Wong B S, Pan T, Liu T, Li R, Gambetti P, Sy M S
Division of Neuropathology, Institute of Pathology, Cancer Research Center, Case Western Reserve University School of Medicine, 10900 Euclid Avenue, Cleveland, Ohio 44106, USA.
Biochem Biophys Res Commun. 2000 Jun 24;273(1):136-9. doi: 10.1006/bbrc.2000.2911.
Normal prion protein (PrP(C)) is a copper binding protein and may play a role in cellular resistance to oxidative stress. Recently, copper-bound recombinant PrP(C) has been shown to exhibit superoxide dismutase (SOD)-like activity. However, as PrP(C) affinity for copper is low in comparison to other cupro-proteins, the question remains as to whether PrP(C) could contribute SOD activity in vivo. To unravel this enigma, we compared the SOD activity in lysates extracted from different regions of the brain from wild-type mice before and after the depletion of PrP(C).

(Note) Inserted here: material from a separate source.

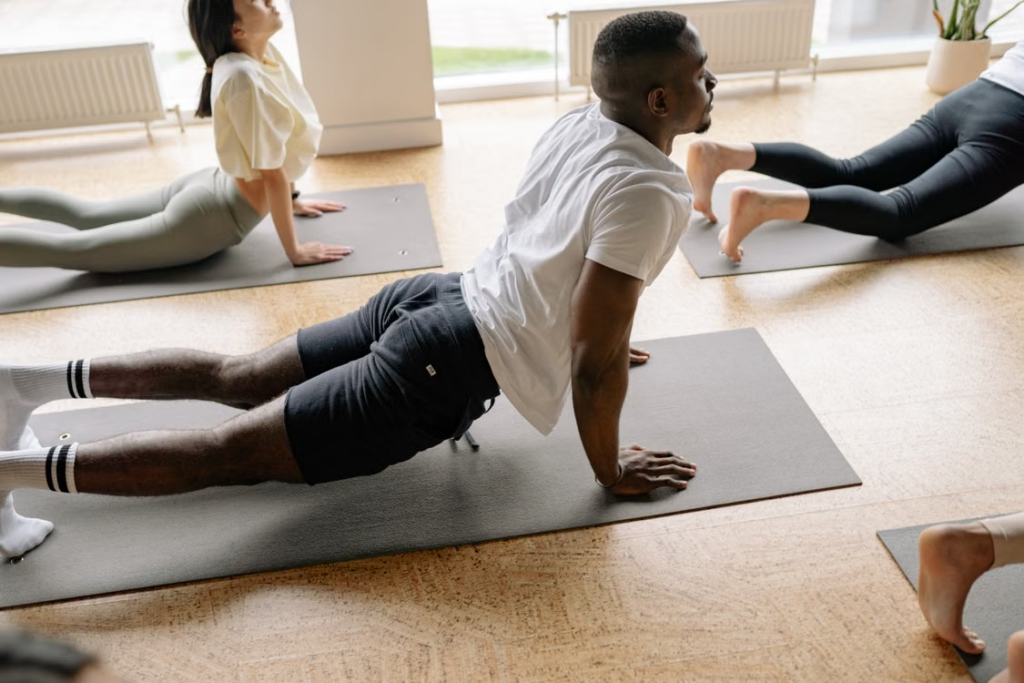 longevity-protocols-nad-glutathione-peptides - Daytryp RX man stretching during a wellness routine representing coordinated NAD, glutathione, and peptide protocols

We found that removal of PrP(C) from the brain lysates reduced the levels of total SOD activity. The level of contribution to the total SOD activity was correlated to the level of PrP expressed and to the predominant form of PrP present in the specific brain region. Collectively, these results provide strong evidence that PrP(C) differentially contributes to the total SOD activity in vivo.
正常朊病毒蛋白(PrP(C))是一种铜结合蛋白,可能在细胞对氧化应激的抗性中发挥作用。最近,已证明铜结合的重组PrP(C)具有超氧化物歧化酶(SOD)样活性。然而,由于与其他铜蛋白相比,PrP(C)对铜的亲和力较低,PrP(C)是否能在体内发挥SOD活性仍是个问题。为了解开这个谜团,我们比较了野生型小鼠PrP(C)缺失前后从大脑不同区域提取的裂解物中的SOD活性。我们发现从脑裂解物中去除PrP(C)会降低总SOD活性水平。对总SOD活性的贡献水平与PrP的表达水平以及特定脑区中存在的PrP的主要形式相关。总体而言,这些结果提供了强有力的证据,表明PrP(C)在体内对总SOD活性有不同的贡献。